After turning about the watch, and examining it on every side, he wrapped it up again, and restored it to its hiding-place.
“She must ha’ stole it,” he said to himself, as he threw in the earth again. “Certain sure, she must ha’ stole it. A poor maid like her doesn’t ha’ gold watches to throw about. If it was given to her she wouldn’t go and bury it in a field half a mile away from her home. No, ’tisn’t very likely. She stole it. That’s what she’s done, and she’ve a-hid it away here to keep it safe till she can pop it, or maybe sell it. Nobody ’ud ha’ knowed if I hadn’t chanced to look over the hurdle. It do really seem quite providential,” continued Timothy, who loved to use a long word, now and then, even in communion with himself, “to think I should ha’ falled asleep, and my lantern should ha’ went out like that, else the maid ’ud never ha’ dug so nigh to where I was sittin’.”
He rose to his feet now, stamping down the earth over the filled-in hole, and then loosening the surface with the toe of his big boot; as he turned away he laughed to himself.

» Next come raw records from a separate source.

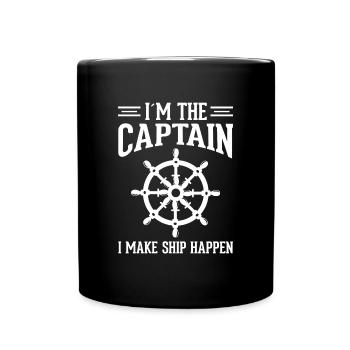 Ship Sailboat Papa - Full Colour Mug - black - Front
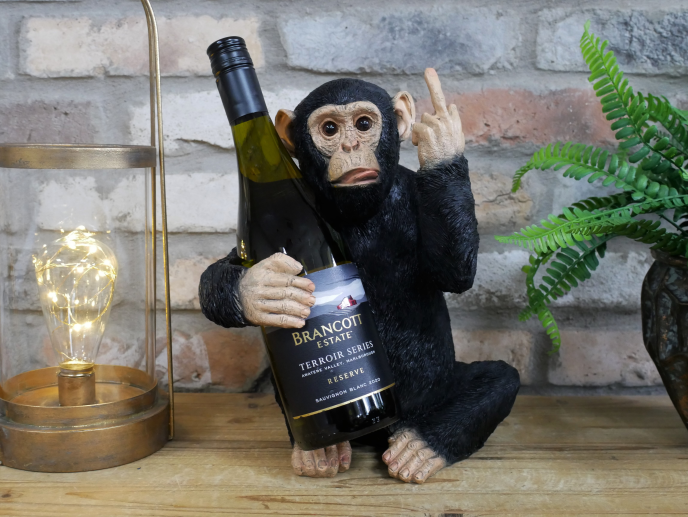 Up Yours Monkey Wine Holder - Cheeky Resin Wine Bottle Holder | Sign of the times Stoke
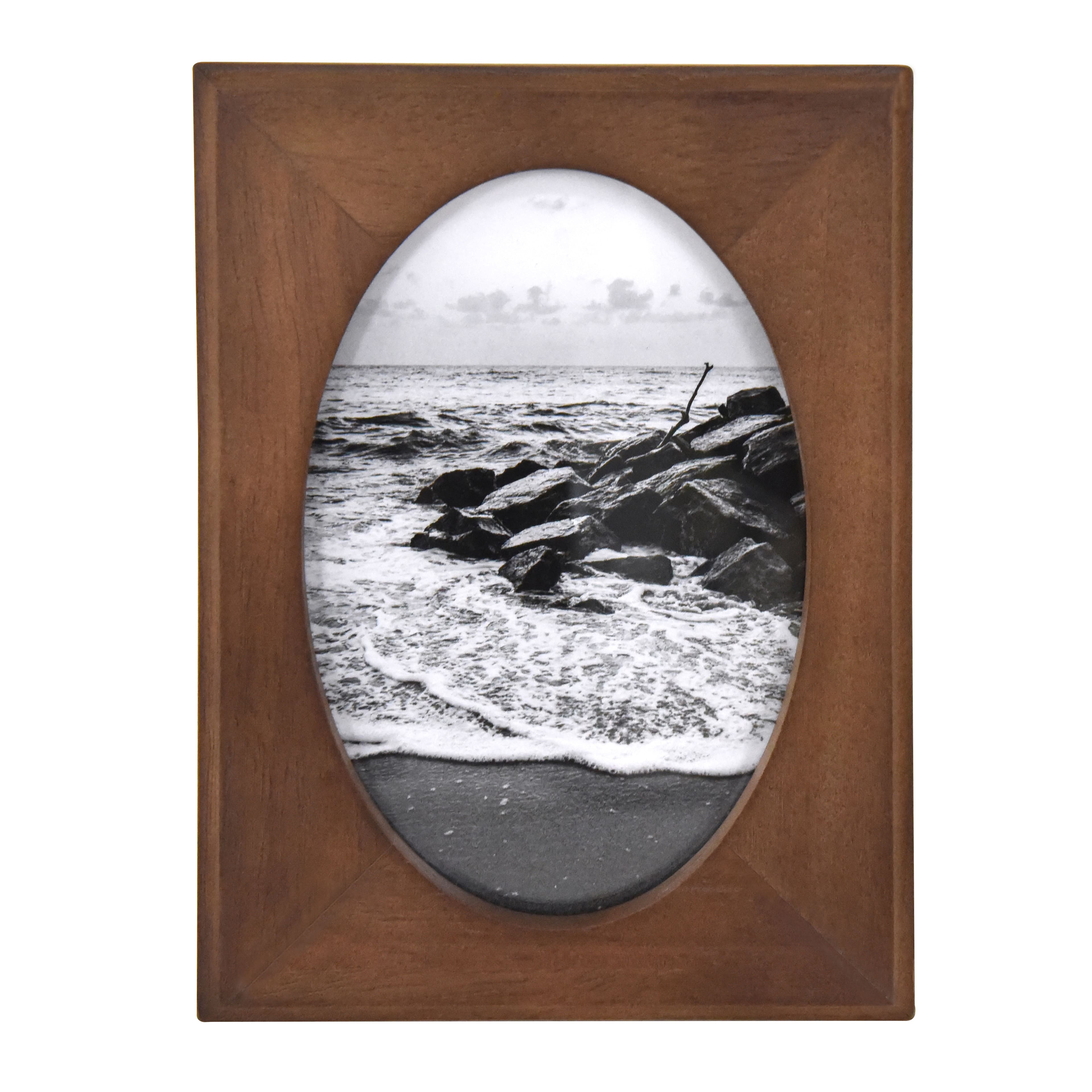 Treasured Finds 4&#x22; x 6&#x22; Dark Brown Oval Tabletop Frame by Studio D&#xE9;cor&#xAE;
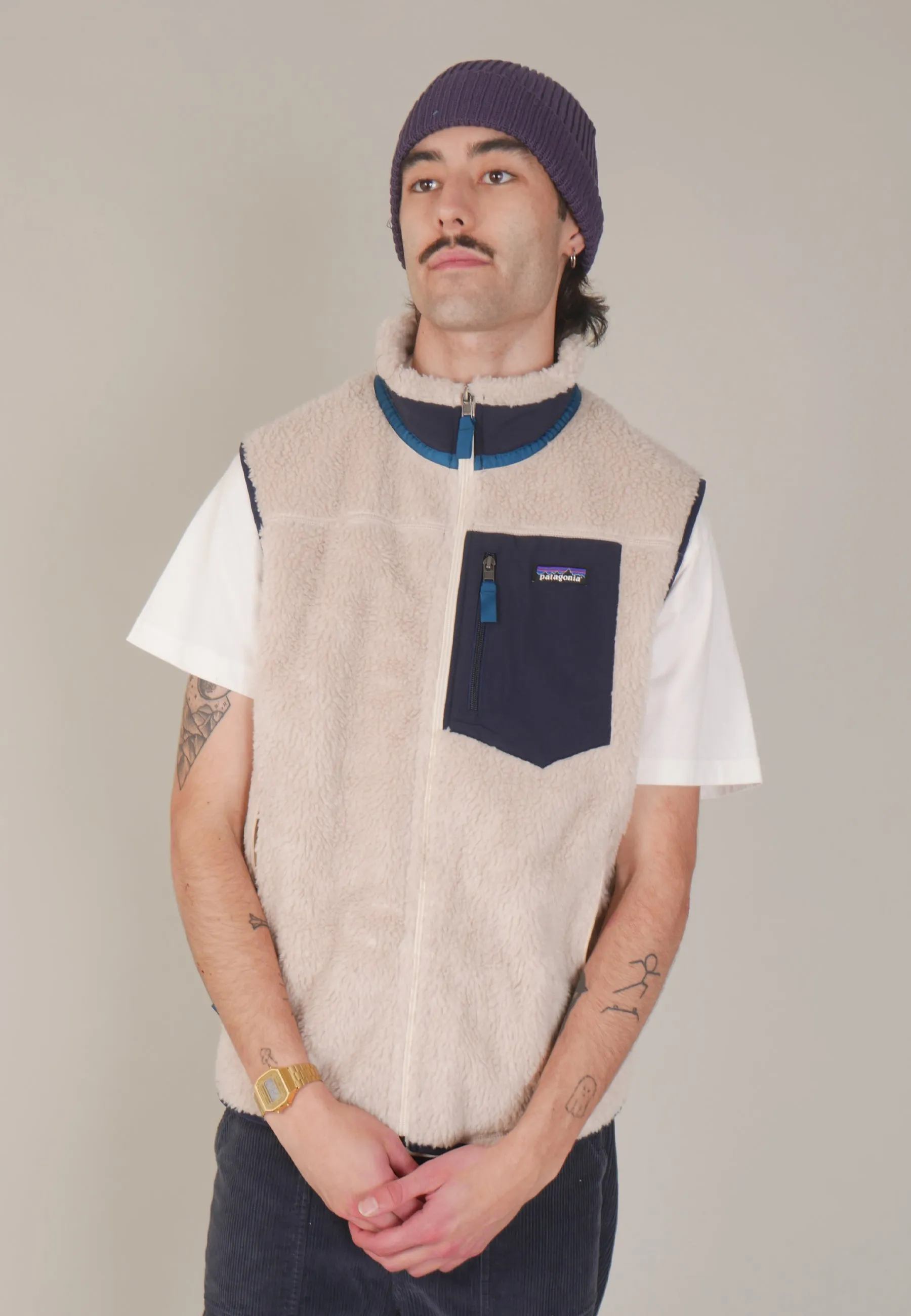 Classic Retro-X Vest - natural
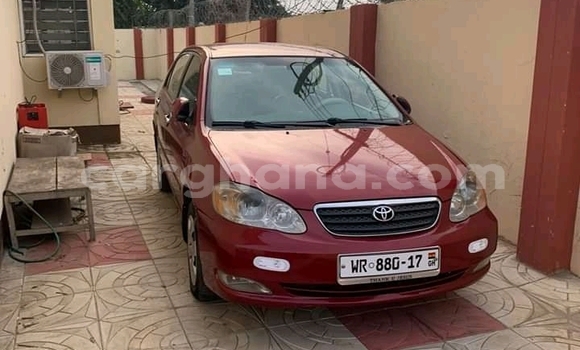 Ra Àlòkù Toyota Corolla Red Ọkọ̀ in Atebubu–Amantin ni Brong-Ahafo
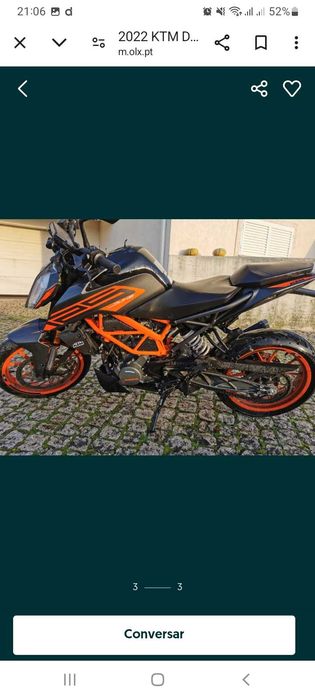 Ktm Duke  mota esta impecável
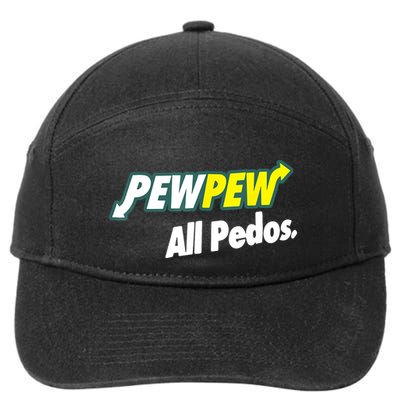 Pewpew All Pedos 7-Panel Snapback Hat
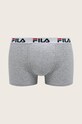 Fila - Боксери (2-pack) трикотаж сірий FU5016/2
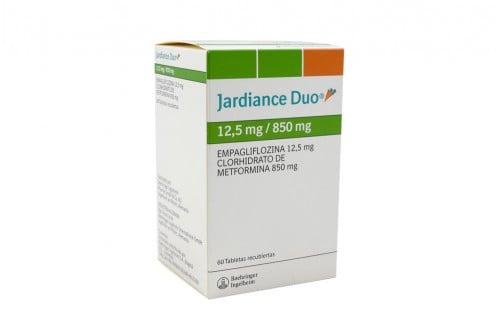 Jardiance Duo 12.5 / 850 mg Caja Con 60 Tabletas Rx Rx1 Rx4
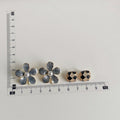 Enamel Stud Earring Collection Flower Butterfly Checker view 4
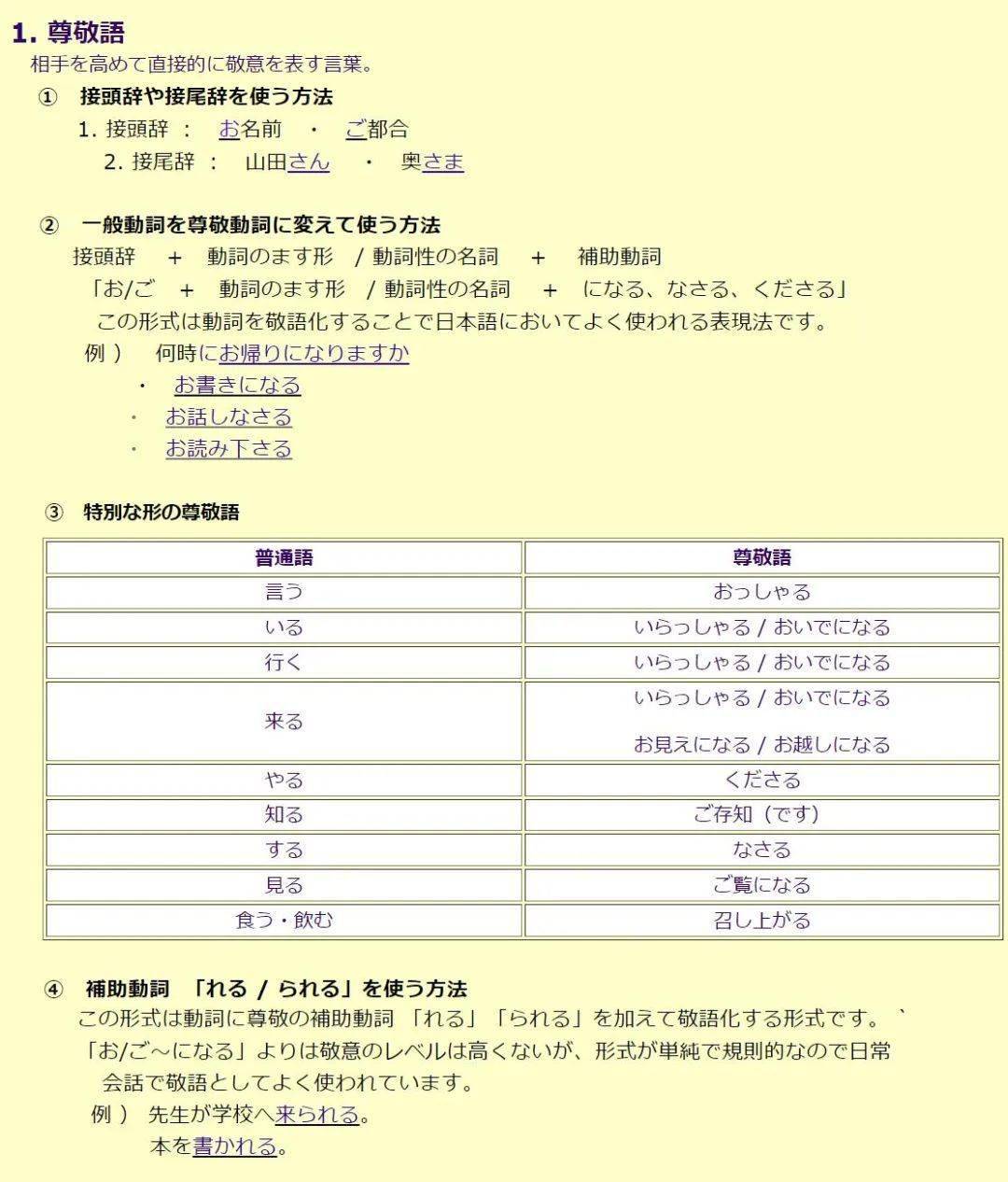 通过抬高对方的地位,直接表达敬意的话语首先点「敬誾とは」这个标签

“The maid little thinks as I do know her secret. I’ll watch—ah, sure, I’ll watch. I’m not wishful for to get her into trouble, but I’ll watch. When she comes to dig her treasure up again, I’ll ha’ summat for to say to her.”
With this resolution he made his way back to his charges; but throughout his oft broken slumbers that night he was haunted by the remembrance of Ann-Car’line’s secret; when he was not in fancy holding the watch in his hand or replacing it in its wrapper, he was sternly questioning the girl and receiving numerous and widely differing explanations of the mystery.
When he went about his work at early dawn he frequently glanced in the direction of the hiding place, and saw in imagination the little round packet lying snug at the bottom of its hole. A chance passer-by on the rough track on the other side of the hedge made him start—would he be likely to detect that the earth had been recently disturbed in that particular spot which Timothy knew of? Even when Mr Hounsell came up as usual to inspect the little flock, Timothy was careful to place himself immediately in front of him, whenever the farmer chanced to glance in the direction in question; so that his own burly form might serve as a screen to Ann-Car’line’s indiscretion.
“What be you a-turnin’ and a-turnin’ round me like that for?” enquired his master presently, with some sternness. “There you do make I quite giddy. You be jist same as a weathercock.”
Timothy had no answer ready on the moment; he looked up at the sky, and then at the distant horizon, and finally remarked that he didn’t think the wind was shiftin’ that much.
“I don’t say it be,” responded the farmer emphatically, “but I do say as you mid be a weathercock the way you do go on a-twistin’ and a-turnin’—there ye be again! What be the matter, man?”
Timothy set his hat more firmly on his head, cleared his throat, spat in his hands, and caught up a pitchfork, remarking that there was a deal to be seen to, and that weathercock or no weathercock, he ought to be shakin’ out the straw.